Andy Brownlie said...

I may be late to the party on this but...

GeeBee, I think I understand why you have an uneasy feeling; You quite rightly don't want to call directly to your data layer, as it compromises your architecture but I think your uneasiness is misplaced.

I would be less inclined to worry about not going through your Controller as I think you may be reading more into the purpose of the Controller than is actually intended. The Controller is there to handle actions in the main. If you want such consistency (and the end game here is ultimately abstraction) then whats missing is a service between the presentation layer as a whole (MVC) and the repository (data layer).
However, I think you are missing the point of Mike's post here. The value in what Mike is proposing is the power of HTML helpers. This is similar to the criticism of the NerdDinners app, where the point that is being illustrated is being missed as the example is not a full-blown architecture.
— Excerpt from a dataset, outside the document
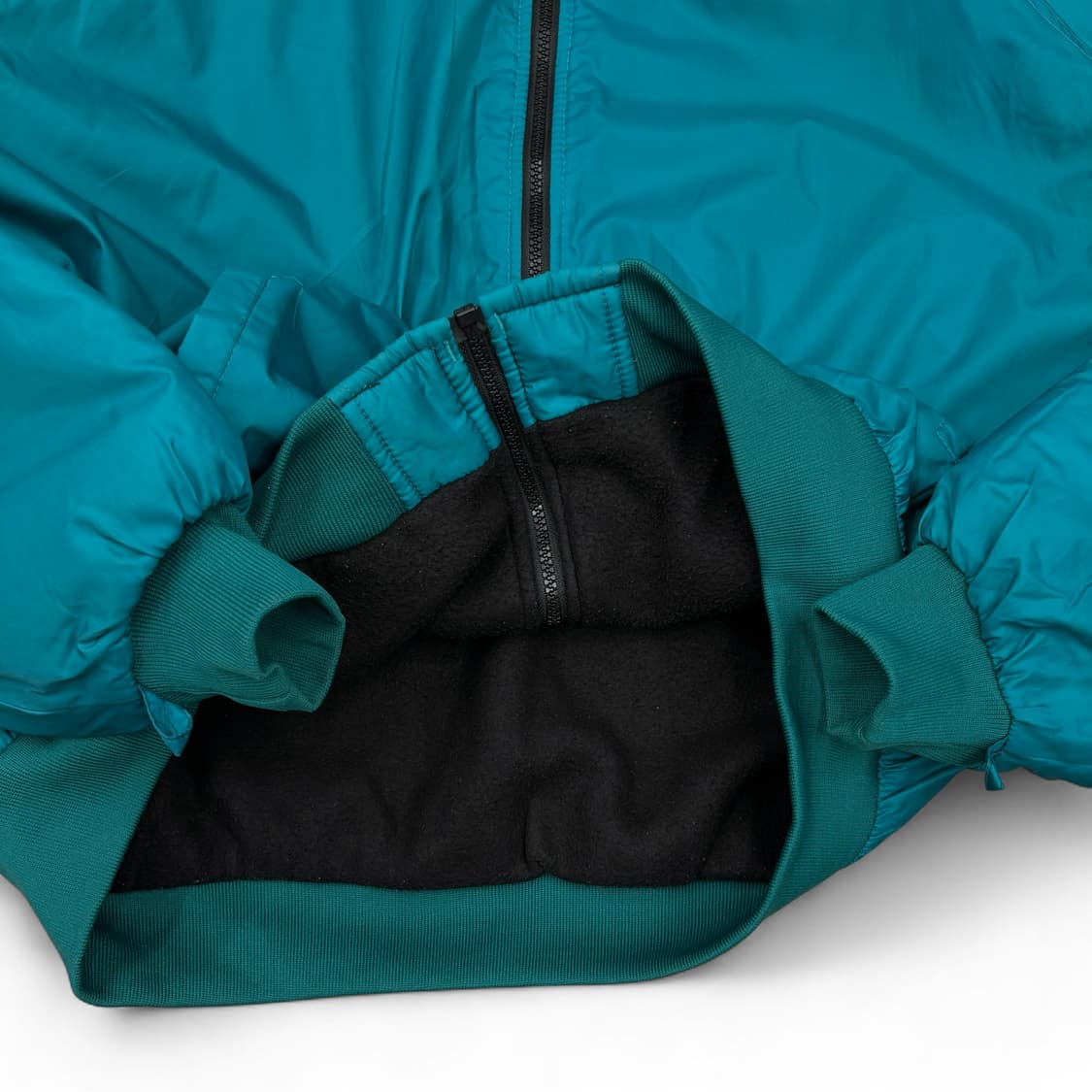 1993 컬럼비아 라이너 웜업 자켓 상품이미지6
I did something similar in my previous project Mike, although no where near as elegant. At the time, I was surprised there wasn't a single pattern/way of doing this and I just wish your post had been here at that time. Good work Mike.

Mike Hadlow said...

Hi Andy,

Good points. I think it's too easy to let a pattern become a regulation. Not putting logic in your views is good advice, but as you pointed out, that doesn't mean that the _only_ place for application logic is the controller. It's worth remembering that the MVC pattern is not an end in itself, but rather a mechanism you can use to help you separate concerns.

Dimitris Foukas said...

Hi Mike,

I agree that the MVC pattern is not an end in itself but we have to draw a line for the pattern to work. What if you nee cascading lookups with dependencies? If you need to have multiple lookups use in an XOR manner etc. Will you put all this logic into helpers? Don;t think so...
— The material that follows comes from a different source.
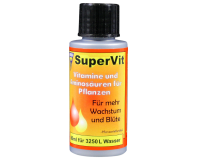 Hesi Super Vit 50ml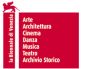 La Biennale di Venezia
Perhaps we can look at InfoPath for inspiration: there is a concept of main data source which is the target of form submissions but also additional, auxiliary data sources with declarative dependencies.

My 2cs

Mike Pollitt said...

Hi Mike --

I arrived at this post after much Googling, and was amazed to find it authored by THE Mike Hadlow of yore. Satisfying to find such great company in hitting this logical dilemma. Here's the dilemma:

"Is the display of a populated combo box the responsibility of the Controller or the View?"

If I was to replace "populated combo box" with "date picker", the answer would be obvious: the View. The Controller merely cares about the date, not the method of data entry for a date. Thus it's not such a huge leap to treat any common and fairly static (or at least exegetic) drop-down (countries, languages, currencies, etc.) as simply another type of picker control.

In past projects, for this reason, I've been happy to load these in the View itself. But it has always made me feel slightly dirty. I like your solution much better.